To those who feel politicians shouldn’t define who a journalist is, I’d remind them that they likely live in one of the 49 states, like Illinois, where elected officials have already made that decision.
To which, replies journalist/blogger James Taranto:
That goes against America’s entire constitutional tradition. In Lovell v. Griffin (1938), Chief Justice Charles Evans Hughes wrote for a unanimous Supreme Court: “The liberty of the press is not confined to newspapers and periodicals. It necessarily embraces pamphlets and leaflets. These indeed have been historic weapons in the defense of liberty, as the pamphlets of Thomas Paine and others in our own history abundantly attest. The press in its connotation comprehends every sort of publication which affords a vehicle of information and opinion.”
In Branzburg v. Hayes (1972), Justice Byron White reiterated the point. The court was asked to hold that the First Amendment precluded the government from requiring a reporter to testify before a grand jury about information he had gathered from confidential sources. By a 5-4 vote, the justices said no. If such a privilege were established, White wrote, “sooner or later, it would be necessary to define those categories of newsmen who qualified for the privilege, a questionable procedure in light of the traditional doctrine that liberty of the press is the right of the lonely pamphleteer who uses carbon paper or a mimeograph just as much as of the large metropolitan publisher who utilizes the latest photocomposition methods.”

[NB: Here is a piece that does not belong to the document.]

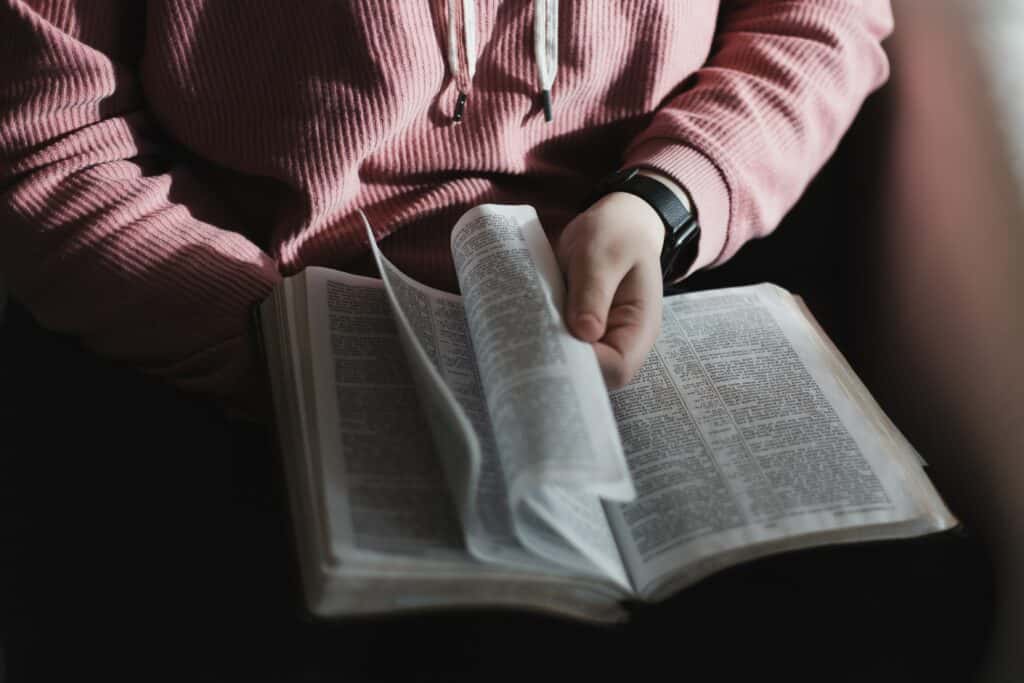 Person holding Bible flipping through pages.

Durbin now wants to establish such a privilege by statute, so his call for limiting freedom of the press is ostensibly designed to expand it. …
We guess Durbin would regard this column as “legitimate journalism,” although we’re not exactly sure why. Is it because we write for a “newspaper,” or by that term does Durbin mean the physical object composed of paper and ink? If it’s the latter, well, at least WSJ.com is a “news website.”
But we also have an active presence on Twitter (where you should follow us if you don’t already). Are our tweets legitimate? On this point Durbin is not entirely clear. He writes: “Not every blogger, tweeter or Facebook user is a ‘journalist.’ ”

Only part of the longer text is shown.